L’invention du jacobinisme occitanophile : Félix Castan et André Benedetto – 1976

siege montauban038 ECRAN

Photographie d'une représentation du Siège de Montauban, pièce d'André Benedetto, 1974

 

L’invention du jacobinisme occitanophile : Félix Castan et André Benedetto – 1976

 

            En marge d’un petit travail sur les notes préparatoires que notre ami Guy Catusse a laissées au moment de sa disparition l’année dernière, consacrées au Siège de Montauban, la pièce d’André Benedetto créée en 1974 pour le Festival d’Occitanie, dont le maître d’œuvre était Félix Castan, ami de Guy, j’ai lu le texte d’une autre pièce de Benedetto, publiée dans le même recueil par l’éditeur P. J. Oswald, Les Drapiers jacobins, montée deux ans plus tard pour le même festival et dans la même complicité avec Castan. Cette pièce où, comme dans la précédente, la langue occitane se fait entendre, fût-ce de manière fort discrète, met en scène la figure au demeurant très improbable d’un Jacobin montalbanais prenant fait et cause pour la langue occitane : Antoine Gautier-Sauzin.

 

La pétition de Gautier-Sauzin

Un montalbanais de ce nom a bien existé : il est le signataire d’un texte pétitionnaire très intéressant, daté du 18 décembre 1791, envoyé au Comité d’Instruction publique de l’Assemblée constituante intitulé Réflexions sur le genre d’instruction publique qui conviendrait à nos campagnes méridionales. Dans cet écrit, où il se présente comme exerçant la profession de « cultivateur » (sans doute s’agit-il d’un propriétaire terrien ou d'un régisseur), ce Gautier-Sauzin pose la question de l’enseignement des habitants des campagnes méridionales qui, selon lui, du fait de leur manque d’instruction, adhèrent à la Révolution, certes, mais avec la conviction d’agir « au nom du roi ». L’auteur de la pétition ne croit pas qu’il soit possible d’enseigner efficacement la langue française aux paysans méridionaux ; destinée à leur demeurer étrangère : « Occupé dès l’âge de raison, aux travaux continuels des champs […], auront-ils le temps de l’étudier et le degré d’intelligence nécessaire pour l’entendre ? ». Non seulement, le paysan n’a pas le temps, mais il n’est pas assez intelligent pour maîtriser la « grammaire raisonnée » du français et comprendre les « subtilités » de « notre langue » – une langue « notre » qui ne saurait donc devenir la « leur ». Malgré ses préjugés sociaux, Gautier-Sauzin partage pourtant indéniablement l’esprit révolutionnaire, en proposant une éducation populaire adaptée : son projet est d’enseigner les paysans du sud dans leurs idiomes propres, en imprimant d’abord des alphabets « gascons, languedociens, provençaux, etc. », et, dans ces mêmes langues, des « leçons préliminaires » destinées aux enfants, puis « un historique succinct, clair et précis de la révolution et des abus qui l’ont […] provoquée », ainsi qu’une « traduction fidèle de la constitution et des lois rurales ». De plus, «moyennant certains honoraires, un particulier instruit serait chargé […] de préparer chaque semaine, et de traduire pour les campagnes des environs, un extrait des nouvelles publiques et nommément des décrets qui les intéresseraient d’une manière directe ».

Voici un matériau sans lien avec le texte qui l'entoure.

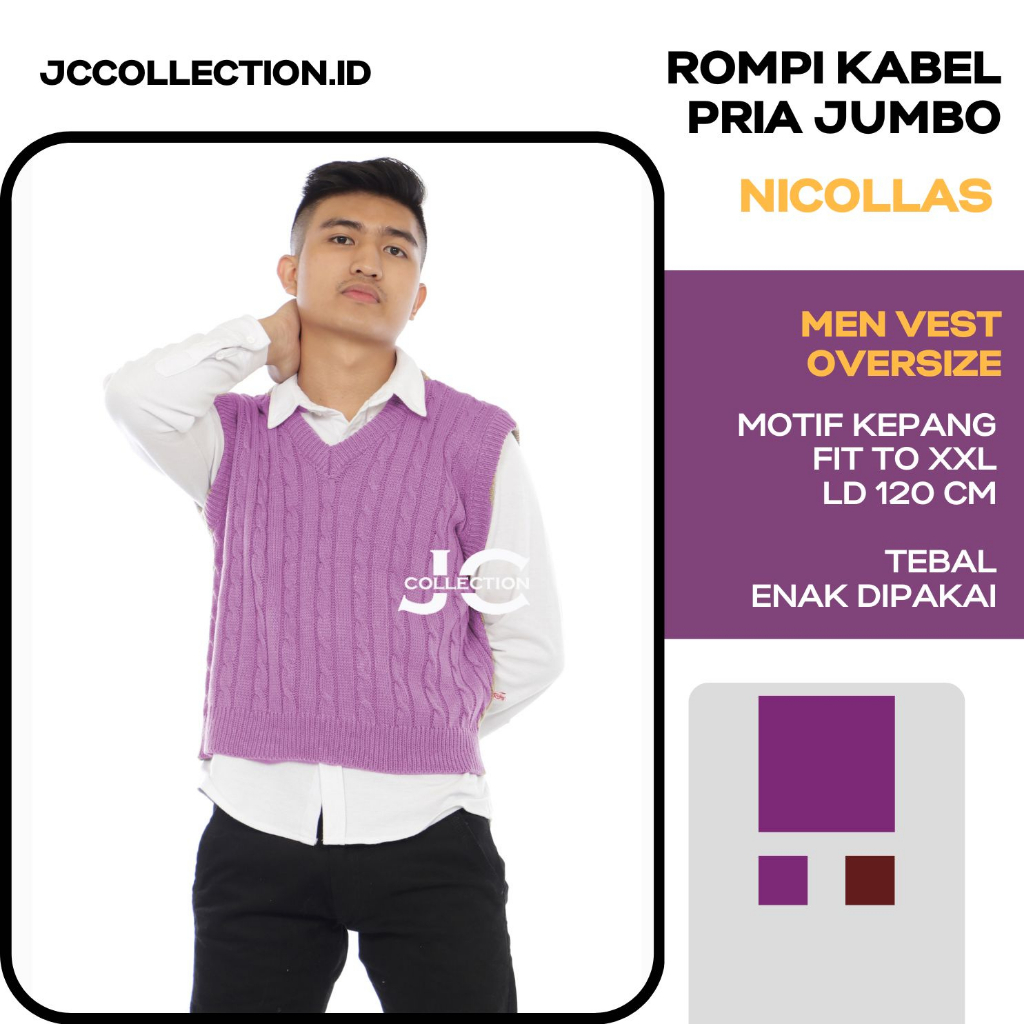 Rompi Pria Rajut Motif Kabel L-XL Vneck Knitting Nickko / Cable Vest - JCCollections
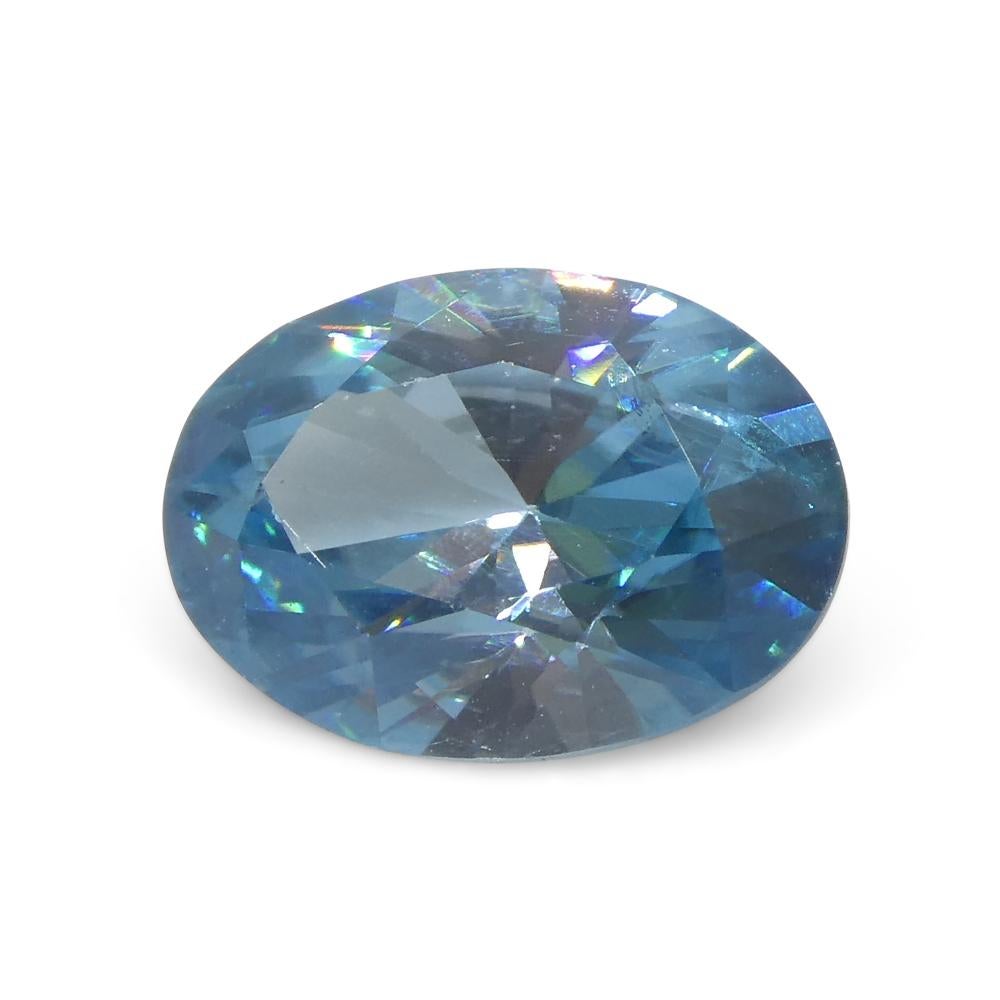 Zircon bleu ovale de 2.58ct taillé en diamant du Cambodge en vente 2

A la lecture de ce projet d’enseignement succinct, mais suffisant pour les classes rurales, on pourrait avoir l’impression que l’auteur considère aussi la langue dont ces classes devront se contenter comme une sous-langue. Or il n’en est rien : « qu’on ne croit pas que ces divers idiomes méridionaux ne sont que de purs jargons : ce sont de vraies langues, tout aussi anciennes que la plupart de nos langues modernes ; tout aussi riches, tout aussi abondantes en expressions nobles et hardies, en tropes, en métaphores, qu’aucune des langues de l’Europe : les poésies immortelles de Goudelin en sont une preuve sans réplique ». Ce plaidoyer est si vibrant que l’on peut même imaginer que l’invocation convenue de la faiblesse des capacités intellectuelles des ruraux n’est qu’un argument ad hoc, venant justifier la promotion d’une instruction dans les « langues maternelles » des populations méridionales, et l’adoption de standards orthographiques (« on établirait pour chacun de ces idiomes méridionaux une orthographe uniforme et invariable »), afin que ces idiomes soient enfin considérés pour ce qu’ils sont, des langues à part entière, d’égale dignité par rapport aux autres langues européennes. La référence à Godolin montre bien la haute, très haute idée que Gautier-Sauzin se fait de sa langue, comme langue littéraire et de culture.

 

Un Robespierre anti-Grégoire

Ce texte (Archives Nationales F17 309), Castan et Benedetto l’ont lu dans un ouvrage qui venait alors de sortir chez Gallimard et qui eut un grand retentissement : Michel de Certeau, Dominique Julia et Jacques Revel, Une politique de la langue (1975). Il y était présenté comme illustrant « le point de vue fédéraliste ». Et en effet, la position de l’auteur semblait aux antipodes de celle des Jacobins du Comité d’Instruction publique, illustrée en particulier par l’activisme de l’abbé Grégoire qui enquêtait alors sur les patois et allait en 1793 appeler à leur éradication.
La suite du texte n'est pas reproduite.